APA: Die Idee eines großen europäischen Romans stand ja bereits im Raum, als Sie vor einigen Jahren vorübergehend nach Brüssel gezogen sind. In der Folge meinten Sie allerdings, Sie hätten "Skrupel" gegenüber dem Format. Hat sich diese mittlerweile gelegt?

Robert Menasse: Skrupel in Hinblick auf so einen Anspruch kann man gar nicht loswerden, wenn man bei Sinnen ist. Aber deswegen muss man dennoch beginnen, versuchen, noch einmal beginnen, wieder versuchen.

APA: Sehen Sie die Form des Romans im Gegensatz zu engagierten Reden als Möglichkeit, über jenes Biotop der Überzeugten hinaus wirksam zu werden, die man ohnedies nicht mehr überzeugen muss?

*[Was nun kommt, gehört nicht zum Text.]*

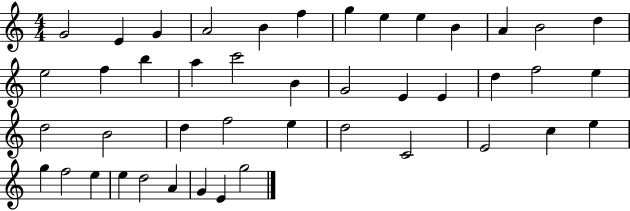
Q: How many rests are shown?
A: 0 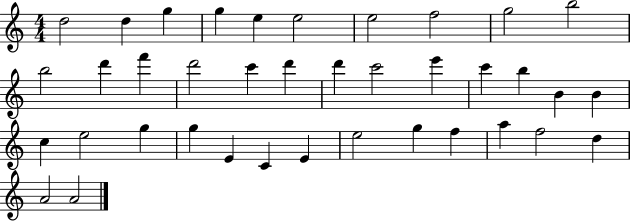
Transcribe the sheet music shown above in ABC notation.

X:1
T:Untitled
M:4/4
L:1/4
K:C
d2 d g g e e2 e2 f2 g2 b2 b2 d' f' d'2 c' d' d' c'2 e' c' b B B c e2 g g E C E e2 g f a f2 d A2 A2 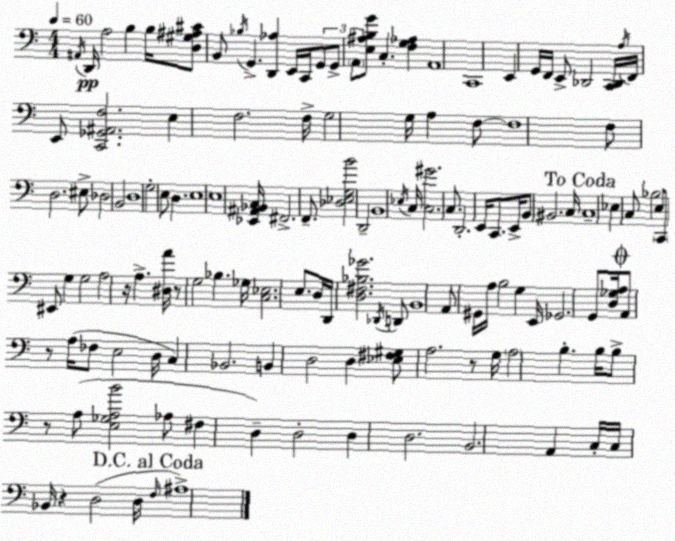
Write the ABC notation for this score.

X:1
T:Untitled
M:4/4
L:1/4
K:Am
^A,,/4 D,,/4 A,2 B, B,/4 [D,^G,^A,^C]/2 B,,/2 _B,/4 G,, [D,,_A,] E,,/4 C,,/4 G,,/2 G,,/2 A,,/2 [E,^A,B,G]/2 C, [F,G,_A,] A,,4 C,,4 E,, G,,/4 F,,/4 E,,/2 _D,,2 [C,,_D,,]/4 A,/4 F,,/4 E,,/2 [C,,_G,,^A,,F,]2 E, F,2 F,/4 G,2 G,/4 A, F,/2 F,4 F,/2 D,2 ^E,/2 _D,2 B,,2 D,4 G,2 E,/2 D, E,4 E,4 [_E,,^A,,_B,,C,]/4 ^F,,2 F,,/2 [_D,_E,G,B]2 D,,2 B,,4 _E,/4 C,/4 [C,^G]2 C,/2 D,,2 E,,/4 C,,/2 E,,/4 B,,/2 ^B,,2 C,/4 C,4 _E, C,/2 _B,2 E,/2 C,,/2 ^E,,/2 G, G,2 A,2 z/4 A, [^D,A]/4 z/2 G,2 _B, _G,/4 [C,_E,]2 E,/2 D,/4 D,,/4 [D,^F,_B,_G]2 _D,,/4 D,,/2 B,,4 A,,/2 ^G,,/4 A,/4 B,2 G, E,,/4 _G,,2 G,,/2 [D,_G,A,]/4 A,,/2 z/2 A,/4 _F,/2 E,2 D,/4 C, _B,,2 B,, D,2 D, [_E,^F,^G,]/2 A,2 z/2 G,/4 A,2 B, B,/4 B,/2 z/2 A,/2 [E,_G,A,B]2 _A,/2 ^F, D, D,2 D, D,2 B,,2 A,, C,/4 C,/4 _B,,/4 z D,2 D,/4 F,/4 ^A,4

Menasse: Mein Roman, und grundsätzlich der Roman als Gattung, ist kein Instrument, um jemanden zu überzeugen, schon gar nicht von der Sinnhaftigkeit politischer Institutionen. Mein Verständnis von Roman und - wenn Sie so wollen - mein Anspruch ist zu erzählen, was kennzeichnend und prägend für die Epoche ist, in der wir leben. So zu erzählen, dass die Leser sich in ihrer Zeitgenossenschaft erkennen, und spätere uns verstehen. Das Interessante an der EU und ihren Institutionen ist, dass sie zweifellos die Rahmenbedingungen unseres Lebens prägen. Man kann Zeitgenossenschaft nicht reflektieren, ohne zu versuchen, dies zu verstehen, ohne sich das genauer anzuschauen, wie das passiert und was da passiert. Die Frage in Hinblick auf einen Roman ist dann nicht: Wie kann ich wen wovon überzeugen, sondern: Wie kann ich das erzählen? Wie kann ich Exemplarisches und Typisches gestalten, ohne dass dann Pappkameraden und Thesenträger durch den Roman geschoben werden.

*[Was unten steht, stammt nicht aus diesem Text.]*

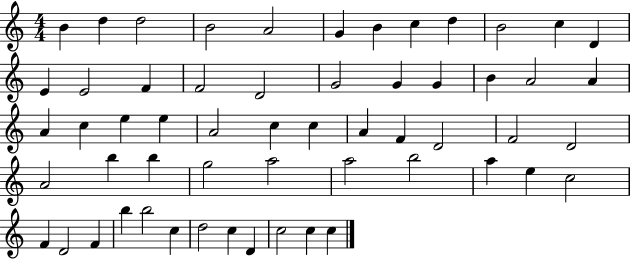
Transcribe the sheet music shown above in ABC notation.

X:1
T:Untitled
M:4/4
L:1/4
K:C
B d d2 B2 A2 G B c d B2 c D E E2 F F2 D2 G2 G G B A2 A A c e e A2 c c A F D2 F2 D2 A2 b b g2 a2 a2 b2 a e c2 F D2 F b b2 c d2 c D c2 c c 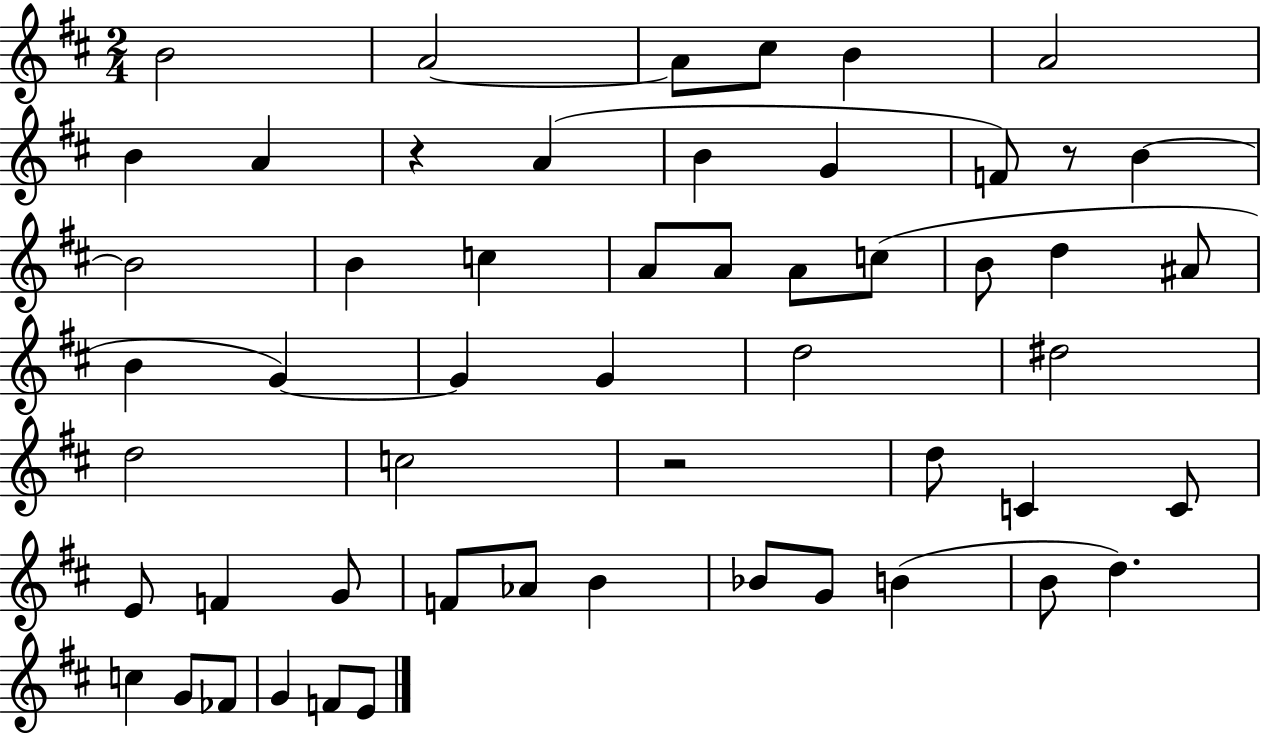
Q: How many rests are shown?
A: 3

»Alles Menschengemachte ist erzählbar«

APA: Hätten Sie selbst vor dem Tippen des ersten Satzes erwartet, dass sich die oft als "Eurokraten" desavouierten EU-Beamten als romantauglich erweisen?

Menasse: Das war die Frage, als ich nach Brüssel ging: Sind Bürokraten romantauglich, kann man aus ihnen literarische Figuren machen? Aber das war als Ausgangspunkt auch ein wenig kokett. Denn das ist ja Romantheorie Erstes Semester: Romane erzählen von Menschen in bestimmten Situationen. Alles Menschengemachte ist erzählbar, und handelnde Menschen sind in ihren Handlungen darstellbar.

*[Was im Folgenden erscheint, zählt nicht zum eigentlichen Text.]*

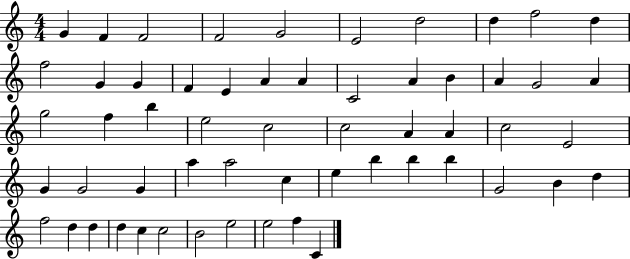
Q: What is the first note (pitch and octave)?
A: G4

APA: Auf der einen Seite kann man "Die Hauptstadt" als Fallbeispiel für einen realistischen Roman der heutigen Zeit lesen, zugleich konterkarieren Sie das Geschehen mit der zumindest surreal grundierten Seitenhandlung des Schweins. Bedarf es in Ihren Augen dieser zweiten Ebene, um die erste zugänglich zu halten?

Menasse: Nein. Nicht in diesem Sinn. Es ist doch vielmehr so, dass das Surreale Teil der Realität ist, erst recht in so großen, komplexen Institutionen und in der Wirkung, die sie zeitigen.

APA: Wie sehr empfinden Sie Ihren Roman auch als Hommage an die Stadt Brüssel, die Sie ja mit einem sehr detailgenauen Blick porträtieren?

Menasse: Ja, das wollte ich wirklich. Ist es mir gelungen? Je länger ich in Brüssel war, desto spannender und liebenswerter fand ich diese Stadt.

APA: Ihr "Europäischer Landbote" war ein flammendes Plädoyer für die EU und ihre Institutionen. Ungeachtet eines durchaus humorvollen Grundtenors, wirkt "Die Hauptstadt" im Vergleich beinahe etwas wehmütig. Entspricht das Ihrer persönlichen Entwicklung zur Thematik in den vergangenen Jahren?

Menasse: Es entspricht zumindest der Stimmung in der Europäischen Kommission, zumindest vieler Beamter auf der Arbeitsebene.

Gefahr des Untergangs des europäischen Einigungsprojekt

APA: Sie haben im "Landboten" und in Ihrem Engagement seither für die Abschaffung des Rates und damit eine Neukonzeption des jetzigen Institutionenkanons plädiert. Ist ein derartig radikaler Schritt für Sie denkbar ohne den Druck einer Krise, deren Dimension die Euro- und Finanzkrise bei weitem übersteigen?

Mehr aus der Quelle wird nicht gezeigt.